# How to Reverse Color Quantization?

Are there any algorithms that attempt to perform the inverse of color quantization on an image? In other words, is there a smart way to increase the bit depth of image?

The obvious answer would be to simply stretch the values of all pixels to fit the new range; however, that would leave gaps in the histogram, and the resulting image would still have the same number of different values. Are there any algorithms that, for example, take neighboring pixels into consideration in order to determine a better estimation for each pixel?

Are there any algorithms that, for example, take neighboring pixels into consideration in order to determine a better estimation for each pixel?

That would essentially be a low-pass filter.

So, yes, that exists, and is commonly used.

You can see that very nicely if you take e.g. an old computer graphics sprite, and scale it as a high-color-resolution image:

# scaled by a simple linear interpolation filter (512 px)
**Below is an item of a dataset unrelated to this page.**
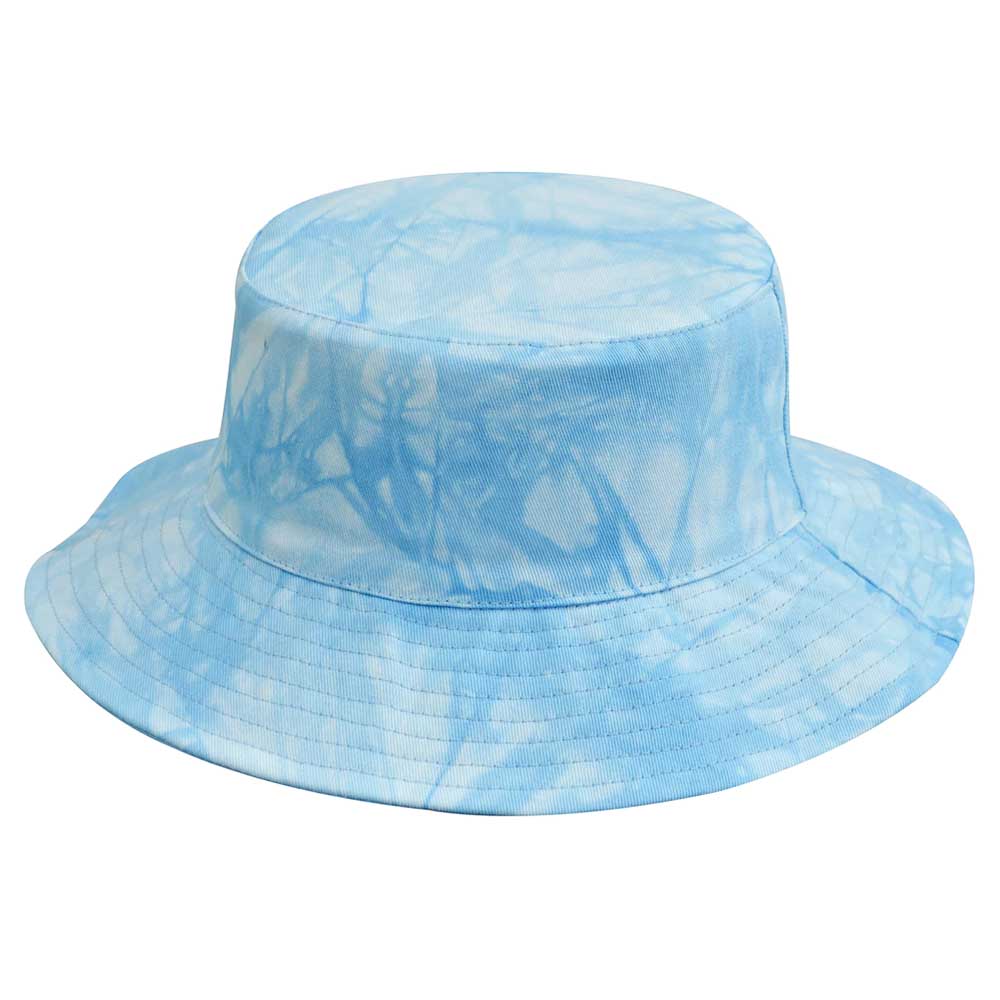Reversible Tie Dye Bucket Hat for Small Heads - Karen Keith Hats Bucket Hat Great hats by Karen Keith CH15K-Cs Light Blue S (55-56 cm)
While the simply scaled image has as much discrete colors as the original, the linearly interpolated one has a lot more colors, and the histogram looks much more "continuous".

But:

There's no free lunch, usually. You can't just add color information back! (not being able to add back lost info is one of the fundamental truths of Information Theory, by the way). You have to sacrifice spatial resolution. Essentially, it's the same math that underlies Heisenberg's Uncertainty Principle. You can either have perfect info state of something (the color of a pixel, the impulse of a electron), or its position (sharp edges in an image, knowledge of the position of an electron). See this example:

# filtered to achieve a much more continuous color histogram, with a radius of 10px taking into consideration

• I am thinking of an operation in which, ideally, quantizing the recovered image would result on the same input image again. I think this may not be the case for every low-pass filter. Maybe we could achieve that by choosing a filter that ensures that pixels on the recovered image won't have their values changed by more than half of the quantization step? Commented Jun 21, 2017 at 16:37
• That perfect reconstruction is – by the very definition of what quantization is – impossible. Basically, a color space has the same cardinality as a power of the Real Numbers, whereas any quantized space is by definition countably finite, so almost all input values cannot be represented, or, corrolarily, infinitely many input values map to one quantized value.Hence,your reconstruction is always going to be an approximation;your job is to find one that has the minimum deviation from the original,but you'll need to find a measure for "deviation" first to even get started.Can't do that for you! Commented Jun 22, 2017 at 8:08
• The low pass filter I chose works well as illustration for the very type of imagery I mentioned – look at the noisy, speckled photo: It could have used a bit of low-pass filtering in the first place, so that the reduction in spatial exactness due to the lpf after quantization isn't really all that bad. I wanted to illustrate that it's your problem to first define in what mathematically measurable way you want your reconstruction to be as good as possible, and then things get easier. Problem is that we don't know what you need and hence can't even give you pointers to an appropriate measure Commented Jun 22, 2017 at 8:12

I'd suggest using a more sophisticated spatial filter - i.e. bilateral filter, to minimize the damage to the boundaries.

Probably better than a plain low pass filter:

https://github.com/kornelski/undither

I couldn't get it work for the example picture from the accepted answer, but the example pictures from its website look promising.